→ **EXERCISE PROMPT**
For this exercise, reproduce the records exactly as they stand and do not carry any images over.

→ **AVAILABLE DATA**
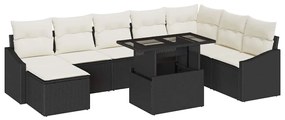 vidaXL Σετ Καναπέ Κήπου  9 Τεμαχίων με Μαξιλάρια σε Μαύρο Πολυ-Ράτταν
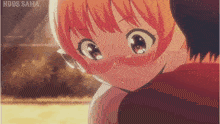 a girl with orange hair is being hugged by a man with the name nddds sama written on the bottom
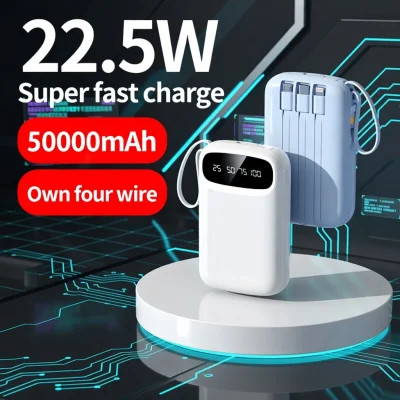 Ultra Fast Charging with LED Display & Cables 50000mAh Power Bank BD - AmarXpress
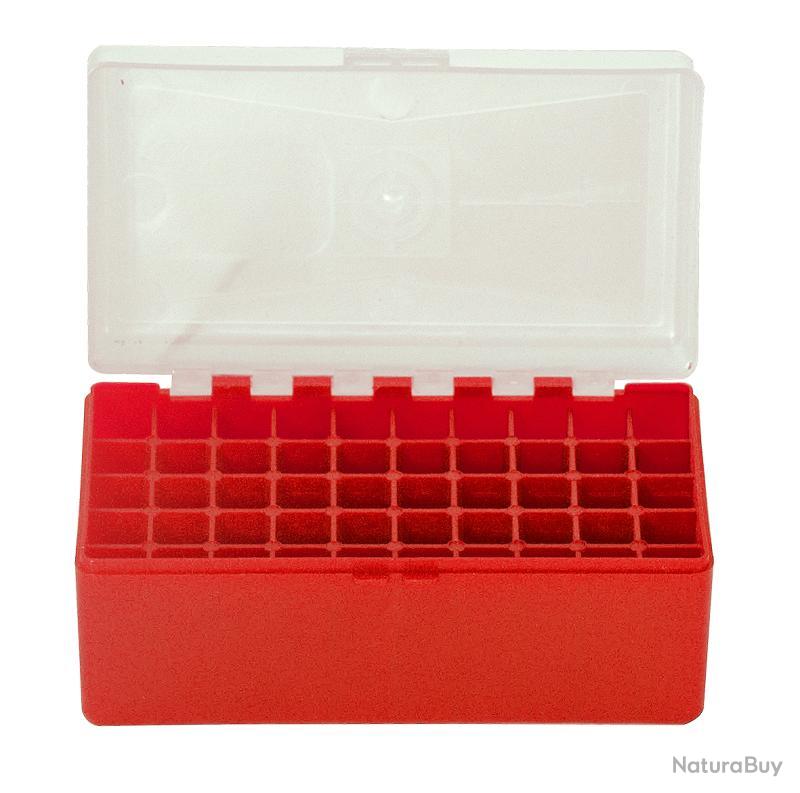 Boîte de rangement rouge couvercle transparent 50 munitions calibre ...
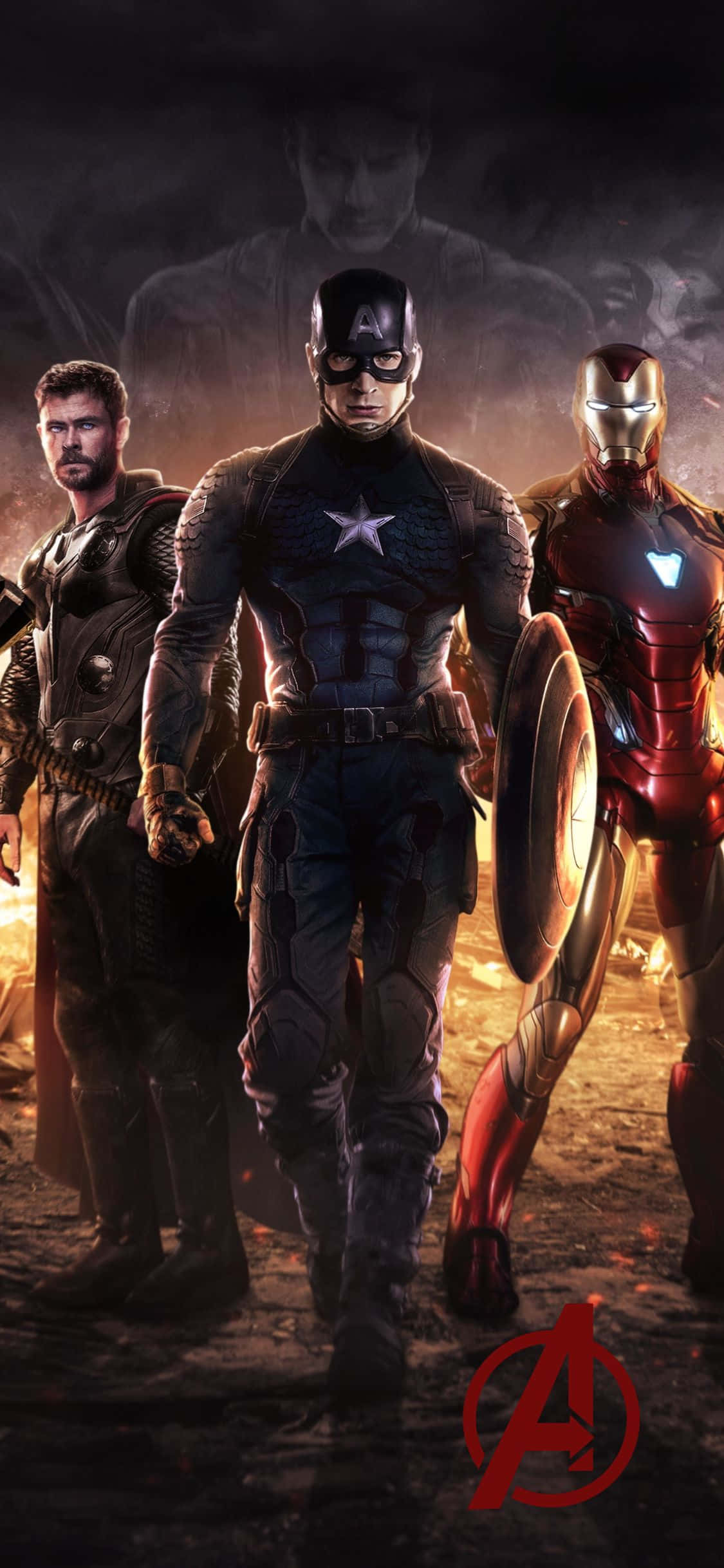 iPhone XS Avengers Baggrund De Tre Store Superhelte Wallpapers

→ **RESULT OF THE EXERCISE**
 vidaXL Σετ Καναπέ Κήπου  9 Τεμαχίων με Μαξιλάρια σε Μαύρο Πολυ-Ράτταν
 a girl with orange hair is being hugged by a man with the name nddds sama written on the bottom
 Ultra Fast Charging with LED Display & Cables 50000mAh Power Bank BD - AmarXpress
 Boîte de rangement rouge couvercle transparent 50 munitions calibre ...
 iPhone XS Avengers Baggrund De Tre Store Superhelte Wallpapers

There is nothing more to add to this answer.